Anyway, I emailed one gal asking who she was and what was her niche in the group, which turned out to be this whole sub-group I didn’t know about (reference: every day = something I didn’t know). She wrote back — yay! not everybody actually answers — with a detailed, complete message. I was hammered under a day-job deadline, so I popped her email to the webmistress, fully intending to write the woman back later. As it should be, she and the webmistress engaged in email conversation on the mechanics of what each needed — and I got a reproving note to let her know when I cc or forward her emails.
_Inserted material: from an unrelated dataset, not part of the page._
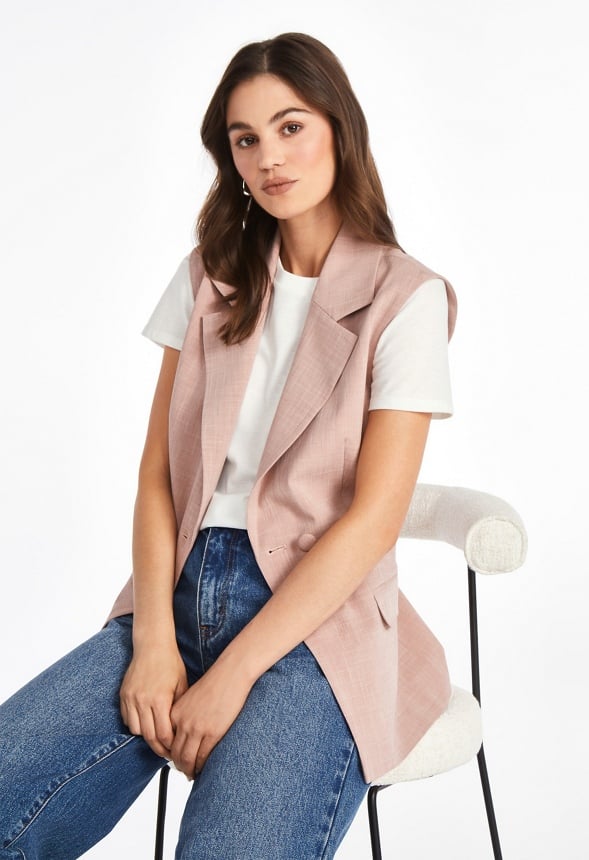 Sleeveless Blazer Pink Heather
Does this strike you as odd? It’s this whole loop etiquette thing. You’re not supposed to forward anything off-loop without permission. This wasn’t on-loop, but I did have a vague idea that many of these ladies expect that as a courtesy. They also have this deal about when and how to “clip” the original message, so the emails don’t get so long — it has to do with reading on digest. Now I use email all the time. I’m on email all day. I work in an office in Wyoming with people in Boston, New Hampshire, and Florida. Unless I’m on the road, all of my business interactions are virtual. And it’s interesting to me that the professional email rules are different than those developed by these social groups. My work email gets archived for three years and can be used as evidence in a court of law, for or against me.
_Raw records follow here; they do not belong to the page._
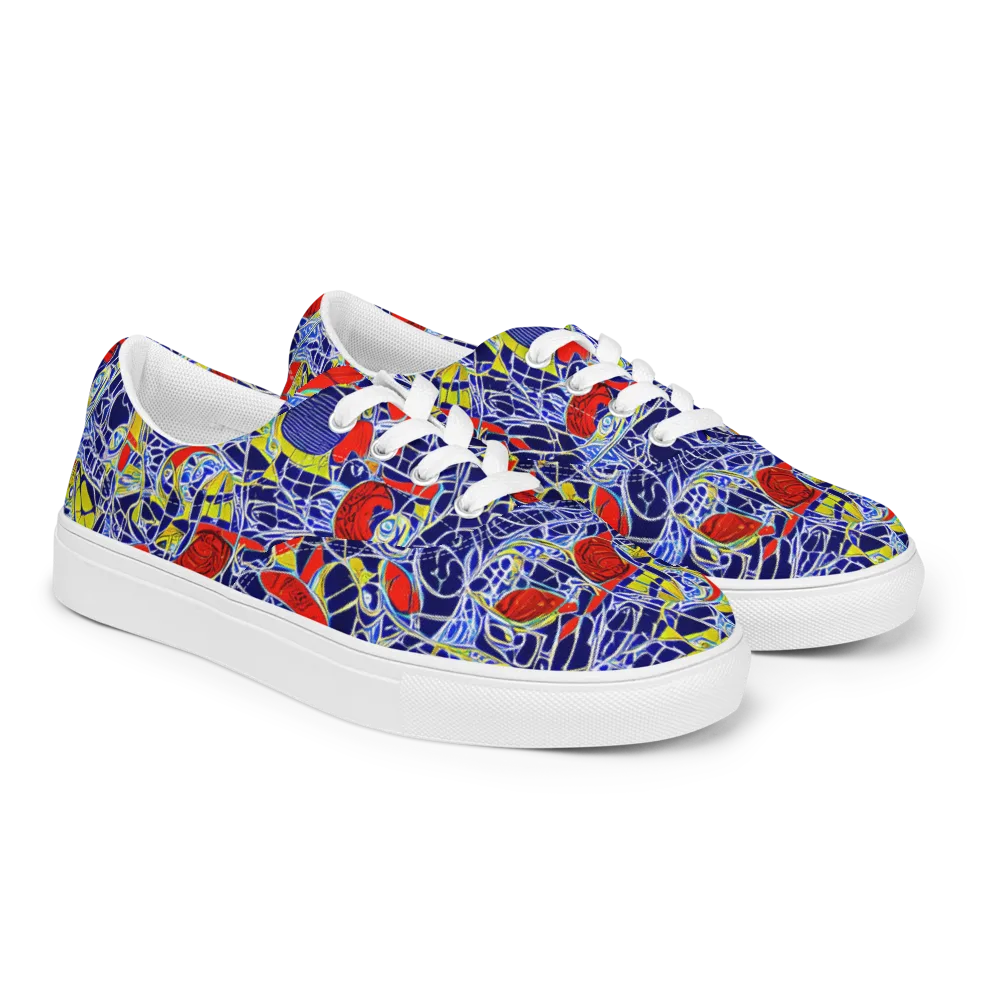 Blue Rapture on Men's Lace-Up Canvas Shoes — Right Front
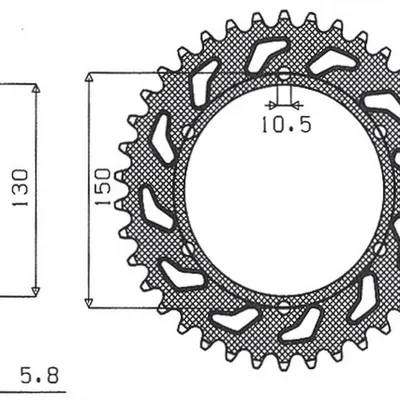 SUNSTAR Zębatka tylna stalowa HONDA NX 650 88-90 / FMX 650 05-08 / XR 600 88-90 / YAMAHA XJ6 600 09-13 [42]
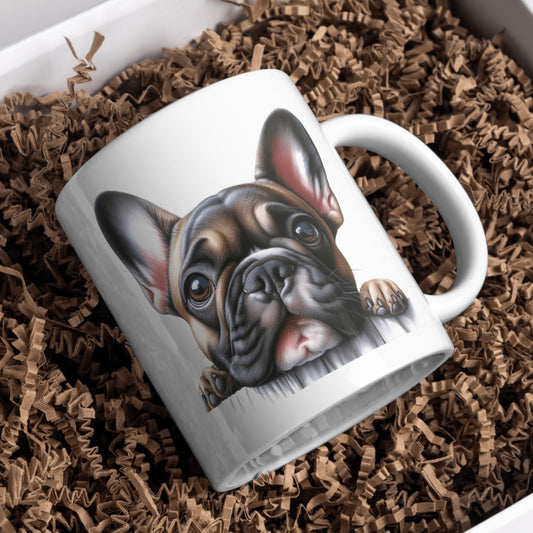 French Bulldog Forward Facing (Frenchie) Dog 11oz White Mug, Perfect Gift Idea As It Comes Boxed. - Cute Customs by J & C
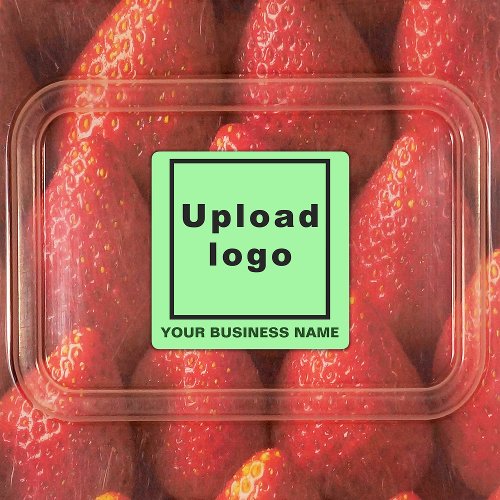 Business Name and Logo on Light Green Square Labels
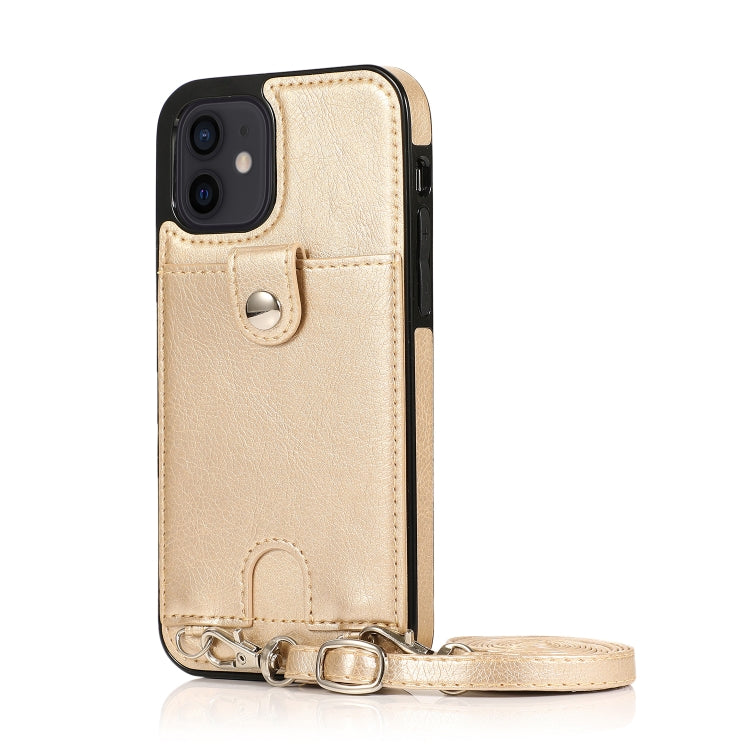 For iPhone 12 mini Shockproof PU Leather + TPU Protective Case with Card Slot & Lanyard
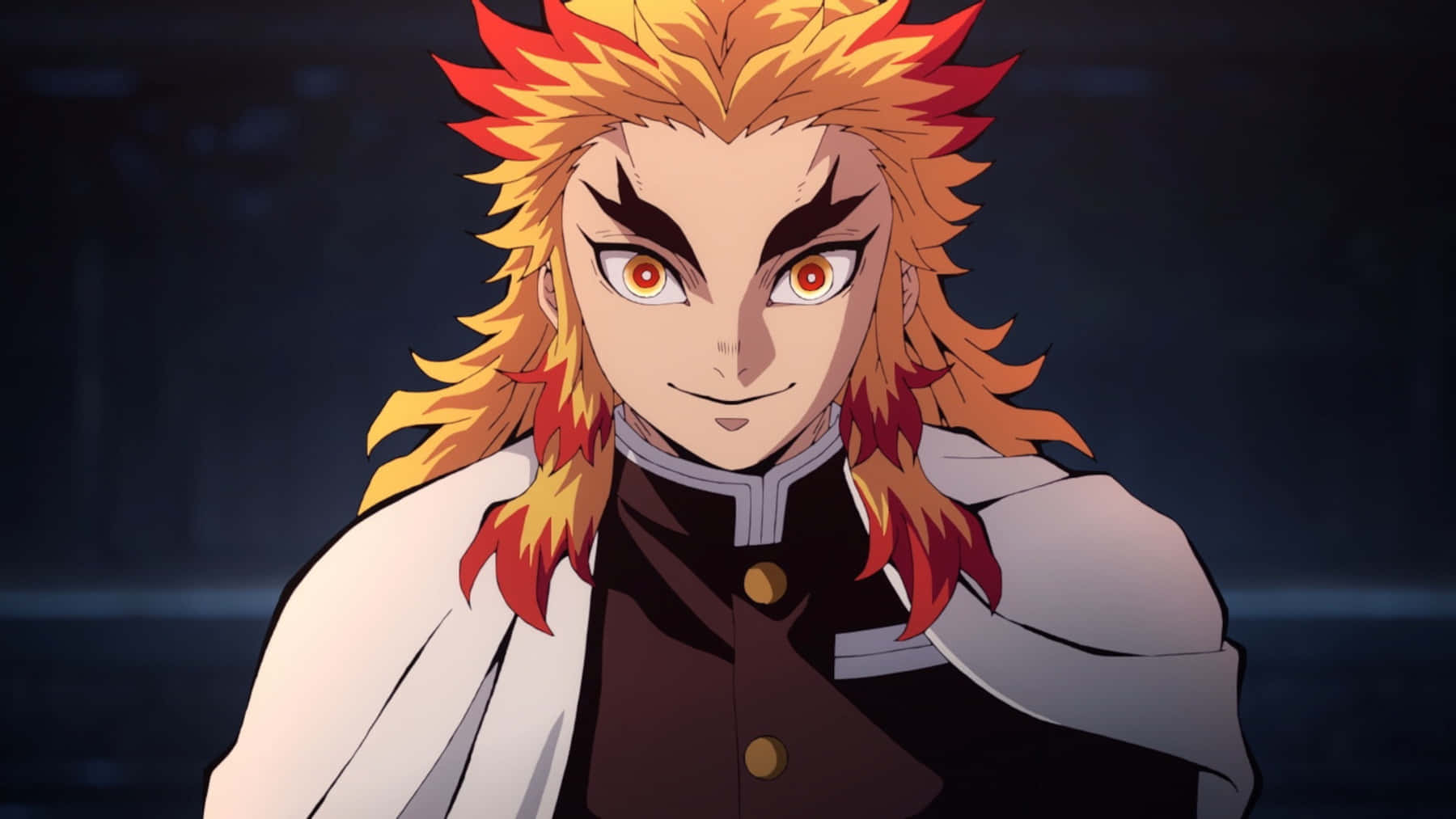 Flame Hashira, fiery-haired anime warrior, intense red eyes, HD Desktop Wallpaper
I’m keenly aware of what I write in emails and make sure that if, say, my boss or ethics officer, were to show me a copy of one and ask me to defend the content, I can. The fact that any of my emails can be forwarded, cc’d or bcc’d is a given. Asking a client to notify me if any of my emails are forwarded or cc’d is beyond the realm of possibility.

What I’m coming to is, I suspect it’s a generational thing. The older generations — the Boomers and the Silents — have been understandably appalled at the informality of the internet and the consequent lack of universal etiquette. I think some of these writing loops were established by people like this, the presidents of their chapters, the esteemed leaders. There’s a bit of the ladies’ society, junior league aspect to the romance writers collectives. The thing is the Gen X’ers and my cohorts — I forget what group I’m in… something like the straddlers between the Boomers and the X’ers, have been using email for pretty much all of our working lives. It’s just another tool.
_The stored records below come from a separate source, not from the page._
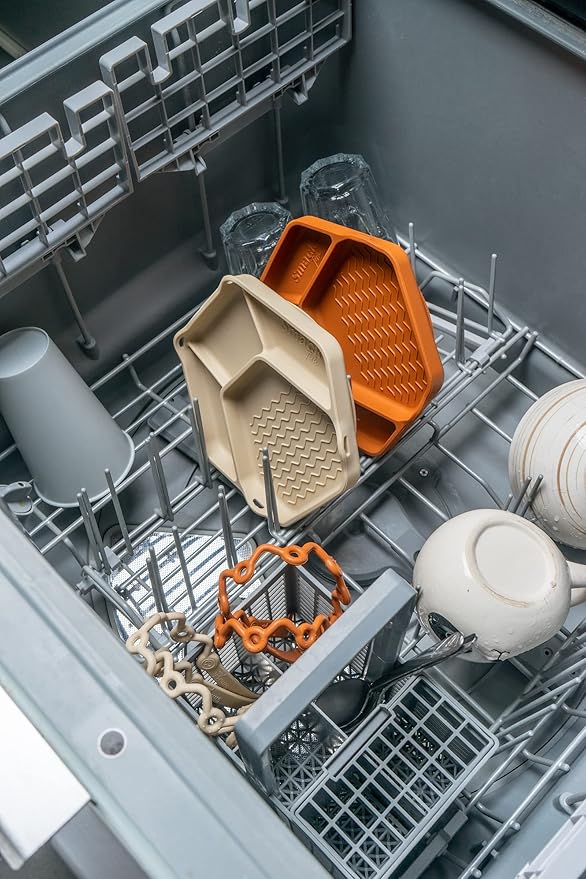 Smack Fun - The Original All-in-one Suction Plates + Safety Toy Straps - Silicone Suction Plates for Toddlers + Baby - First Foods + Self-Feeding. Comes with 2 Straps (Pale Mauve)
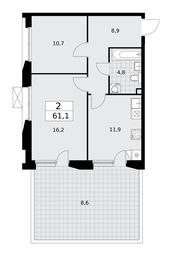 1-BD Apartment Sale, 61.1平方米 at Buninskie Kvartaly, Akademika Semyonova Street, 22, Moscow, Russia #2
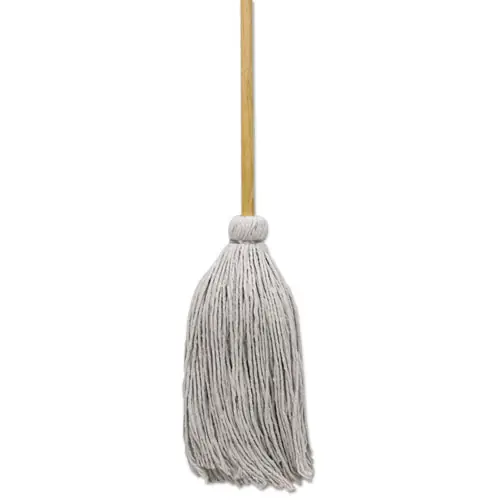 Boardwalk® Cotton Deck Mop, #20 White Cotton Head, 50" Wood Handle, 12/Carton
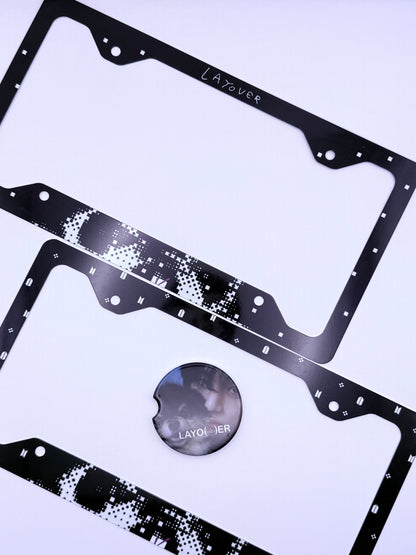 BTS V LAYO(V)ER Inspired License Plate Frame & Car Coaster Bundle
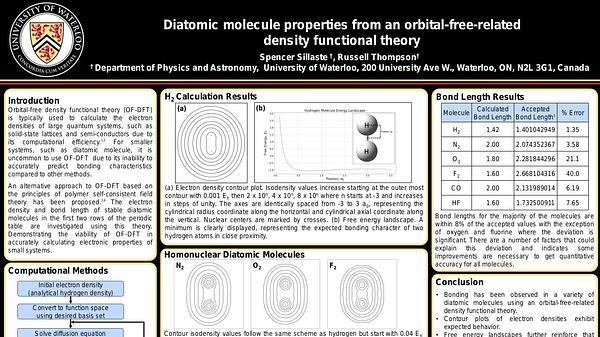 Homonuclear diatomic molecule properties from an orbital-free-related density functional theory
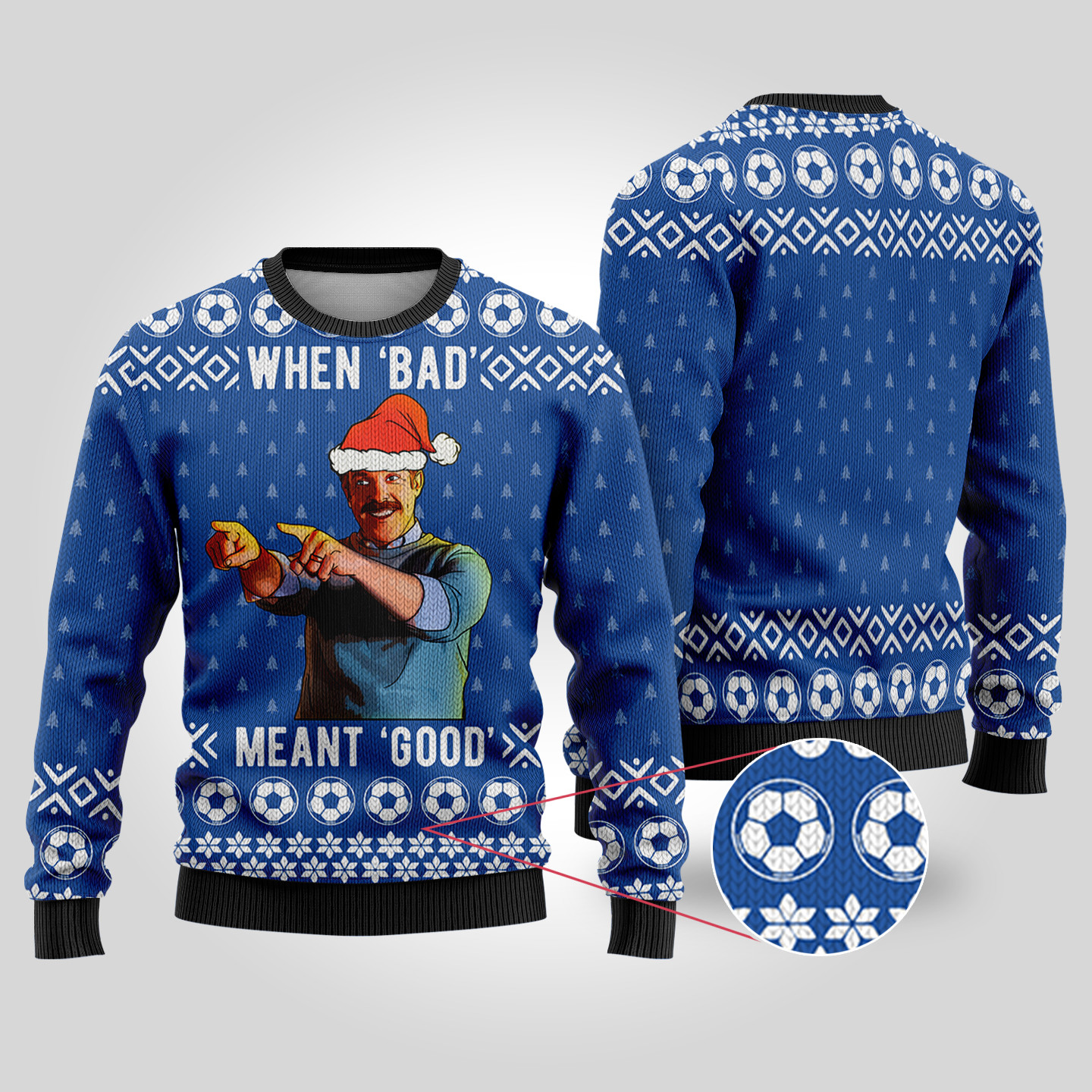 Bad Good Ted Lasso Ugly Christmas Sweater Royal Casual Winter Sweatshirt for Daily Comfort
I understand why people want to try to tame this animal, to break it to the harness of polite society, but it will never be the embossed, hand-written thank-you note. (Yes–horribly mixed metaphor.) I’ve been having computer issues with my personal laptop, as you know. Turns out my hard-drive tanked (ten days after the warranty expired). What with one thing and another, it took a month to get it fixed. (See? and I never ranted about it!) I’d been viewing my personal email all that time on the work laptop, but when I fired up the personal laptop again, it finally pulled all my personal emails from the server. There were nearly 1,500 of them. This does not include junk mail or anything work-related.

It gives me good perspective on why I have no patience for “netiquette.” Give me an email with all of the back and forth retained, so I can save one copy of the entire correspondence. No, I’m not going to pause and think to let you know that I forwarded your information to the person who needed it. I can see where the laments come in here, how our fast-paced society has done away with the measured grace and manners of the past. But it has. The world turns and times change. I think it was a Boomer who said that.